Q: Does disability affect you in other ways? If so, how?
A: Sure it does, in ways big and small and in many ways I don’t even really think about or notice so much.
However, in one big way. It affects my dating and my love life.
What am I attracted to? What is attractive to me in the opposite sex?
I have asked myself this many times, and yeah, if I don’t know, who will.
So much of our society hinges on the physical and on looks and appearances, and dating is no exception. In fact, it is high up there.
Love is blind.
There are many common phrases having to do with love and including the word blind.
I had enough sight, in the past, to have gotten a pretty clear picture what my family looked like.
By the time I was old enough to be interested in guys and dating, my vision had declined so much so that looks were not high on the list of priority. How could they be?
Then, if I did feel like I wanted to have opinions and views on what a guy looked like, all in my head, I felt unnecessarily vain. What did it matter for me? Shouldn’t I be the one person that did not matter to?
I have the same sorts of issues in imagining what someone might look like that I might be interested in dating as I do with myself. I try really hard to picture what they look like and how I might feel about that if I could suddenly see.
I’ve often thought, when I’m in a relationship with someone, what would happen if I suddenly got my sight back. Would I have found myself still attracted to that person if I saw them, whereas being unable to see I fell in love with them for other reasons.
Do guys need to feel attractive? Of course they do, but what happens when I am unable to see them to pay them the compliments they may need to feel wanted. I could pay them a compliment about their looks, to make them feel good, but it would not feel natural to me.
I am no good at saying something that I can’t feel to be the case. this isn’t to say I wouldn’t feel that way if I could see, but if I were to say it, in my case, it wouldn’t feel authentically my view.
Has this contributed to past issues in past relationships?
I feel at a disadvantage when dating as a woman who is not immune to the uncertainty of my own physical appearance, like most women. The other person can see me and all my flaws, whereas I see nothing of them.
Does this make me a more accepting and less critical person?
I am attracted to a certain sounding voice, laugh, and many other little verbal cues. I pay close attention to smell. I focus on if our senses of humour match and if I think we will laugh a lot. I have many things I look for and this list has grown, the more experiences I have had.
Maybe most people wouldn’t notice or be bothered by or with these things because they are focused on looks.
Dating is made more difficult at times. I am constantly working on my self-confidence because everyone’s attracted to confidence, both women and men.
I am overly self-aware in public and on dates, nervous at the disadvantage I am clearly at.

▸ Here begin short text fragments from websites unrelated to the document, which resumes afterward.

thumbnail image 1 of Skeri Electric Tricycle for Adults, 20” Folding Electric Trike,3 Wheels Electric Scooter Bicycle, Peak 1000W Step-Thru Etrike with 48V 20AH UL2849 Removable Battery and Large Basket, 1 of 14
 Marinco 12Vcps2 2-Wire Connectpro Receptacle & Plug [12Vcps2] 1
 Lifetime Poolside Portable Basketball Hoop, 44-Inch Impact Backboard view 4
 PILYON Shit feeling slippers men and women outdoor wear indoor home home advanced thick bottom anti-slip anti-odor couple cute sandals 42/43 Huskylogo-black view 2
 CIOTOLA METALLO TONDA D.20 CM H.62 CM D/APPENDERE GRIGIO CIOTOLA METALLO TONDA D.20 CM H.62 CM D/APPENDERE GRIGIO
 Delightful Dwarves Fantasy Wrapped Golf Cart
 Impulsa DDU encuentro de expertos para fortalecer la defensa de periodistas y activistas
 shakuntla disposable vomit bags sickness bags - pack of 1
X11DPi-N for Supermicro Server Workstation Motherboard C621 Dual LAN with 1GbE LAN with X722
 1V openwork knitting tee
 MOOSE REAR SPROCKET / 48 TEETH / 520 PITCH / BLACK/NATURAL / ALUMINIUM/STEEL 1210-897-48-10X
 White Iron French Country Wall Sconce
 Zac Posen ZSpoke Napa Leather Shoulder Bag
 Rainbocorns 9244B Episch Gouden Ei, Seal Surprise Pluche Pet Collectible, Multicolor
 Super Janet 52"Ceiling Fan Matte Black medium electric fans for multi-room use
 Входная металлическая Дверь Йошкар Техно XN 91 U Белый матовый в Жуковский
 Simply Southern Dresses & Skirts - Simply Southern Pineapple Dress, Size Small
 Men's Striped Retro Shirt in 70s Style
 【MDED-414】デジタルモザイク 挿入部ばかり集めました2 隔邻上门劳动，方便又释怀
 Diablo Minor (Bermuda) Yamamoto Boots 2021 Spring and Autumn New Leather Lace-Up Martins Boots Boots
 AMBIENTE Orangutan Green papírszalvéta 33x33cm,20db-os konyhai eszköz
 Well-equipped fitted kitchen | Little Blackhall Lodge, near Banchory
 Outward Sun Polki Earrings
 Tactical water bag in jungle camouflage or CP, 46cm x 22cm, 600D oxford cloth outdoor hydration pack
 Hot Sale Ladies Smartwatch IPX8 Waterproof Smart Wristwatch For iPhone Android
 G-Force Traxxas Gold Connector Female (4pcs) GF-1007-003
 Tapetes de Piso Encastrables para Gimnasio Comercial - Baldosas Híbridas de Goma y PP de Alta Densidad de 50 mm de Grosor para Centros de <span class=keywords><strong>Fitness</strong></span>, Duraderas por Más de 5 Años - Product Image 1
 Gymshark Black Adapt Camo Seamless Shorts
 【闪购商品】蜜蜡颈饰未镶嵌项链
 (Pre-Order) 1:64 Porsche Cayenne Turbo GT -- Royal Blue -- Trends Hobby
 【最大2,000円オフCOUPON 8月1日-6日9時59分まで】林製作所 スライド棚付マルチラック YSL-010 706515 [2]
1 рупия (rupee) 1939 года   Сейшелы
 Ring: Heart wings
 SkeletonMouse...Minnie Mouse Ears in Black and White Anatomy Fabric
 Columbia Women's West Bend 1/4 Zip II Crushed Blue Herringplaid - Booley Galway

I have done okay. I have dated and have been in love. I have had my heart broken and have done the breaking. It feels nice to be normal in that way, is what I tell myself when I am in the midst of that pain and later on when I am out of it.
I can not catch a guy’s eye from across a crowded room. I can not smile at him and make the kind of first impression I would like.
I know a blind woman can be intimidating, in the way that guys may not feel comfortable approaching me. This makes meeting people difficult.
I have the fear, that I had before I dated much, and I have it again now. Will I ever meet anyone again? Will I end up alone? Does my blindness, in the end, does it make me difficult to be in a relationship with for any length of time? Has it cost me relationships in the past or will it cost me any in the future?
These questions and more plague me often, but I don’t know what answers are to be had.
In the end I make due. I make due without the non-verbal and the lack of body language. I deal with the fact that, to most guys who have never known a blind person, the idea of dating a blind girl makes them nervous.
Love is worth looking for and worth searching hard for. It’s worth it.